Both Bell and Telus offered assistance during the outage, according to the letter to regulators.
“However, given the nature of the issue, Rogers rapidly assessed and concluded that it was not possible to make the necessary network changes to enable our wireless customers to move to their wireless networks,” the telco said, adding that it was unable to access its user database and home subscriber server during the outage.
“Furthermore, given the national nature of this event, no competitor’s network would have been able to handle the extra and sudden volume of (more than 10 million) wireless customers … and the related voice/data traffic surge.”
However, Rogers said it would explore, along with other Canadian carriers, how they could work together to avoid future widespread outages. A Memorandum of Understanding on such cooperation is to be delivered in September to the Minister of Innovation, Science and Economic Development.
Rogers also pledged to segregate its wireless and wireline core networks to avoid a repeat of the widespread July 8 outage. In addition, the telco said it has hired an external review team to do a complete evaluation of all processes, including the performance of network upgrades , disaster recovery procedures, and communication with the public.
A previously announced plan to credit all residential and small business customers with the equivalent of five days of service fees will be applied automatically to customer accounts as of Aug. 1, Rogers said.
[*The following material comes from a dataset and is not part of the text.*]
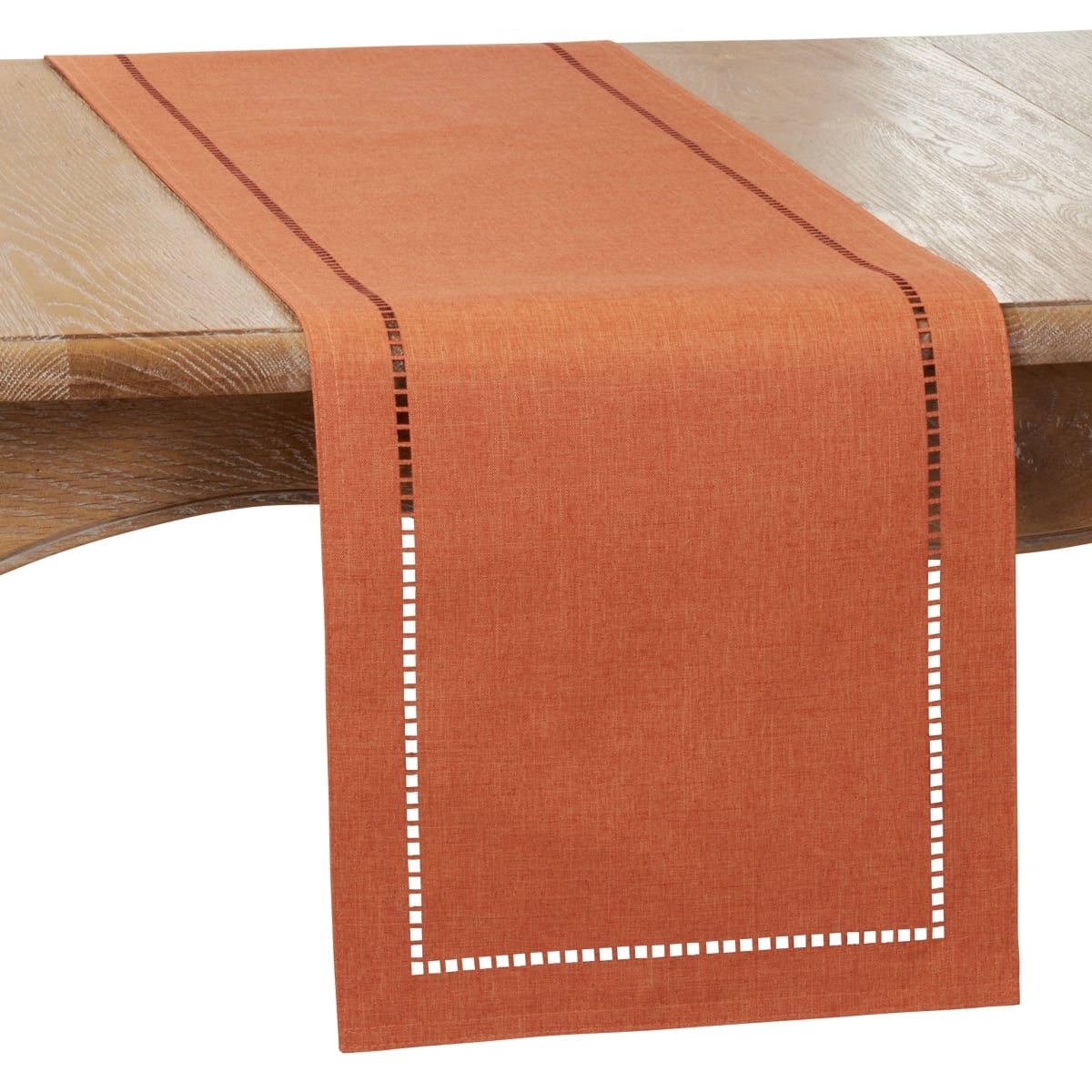 Picture of SARO 9738.RU1454B 14 x 54 in. Oblong Rust Laser-Cut Hemstitch Table Runner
The end-users of affected re-sellers will also be credited .
“While the outage for most customers was approximately a day, Rogers wished to demonstrate our commitment to our customers and recognize how we let them down that day,” the letter said.
The telco apologized for failing to live up to its promise as Canada’s most reliable network, and an signed introduction by chief regulatory officer Ted Woodhead said the company was “particularly troubled that some customers could not reach emergency services or receive alerts” during the outage.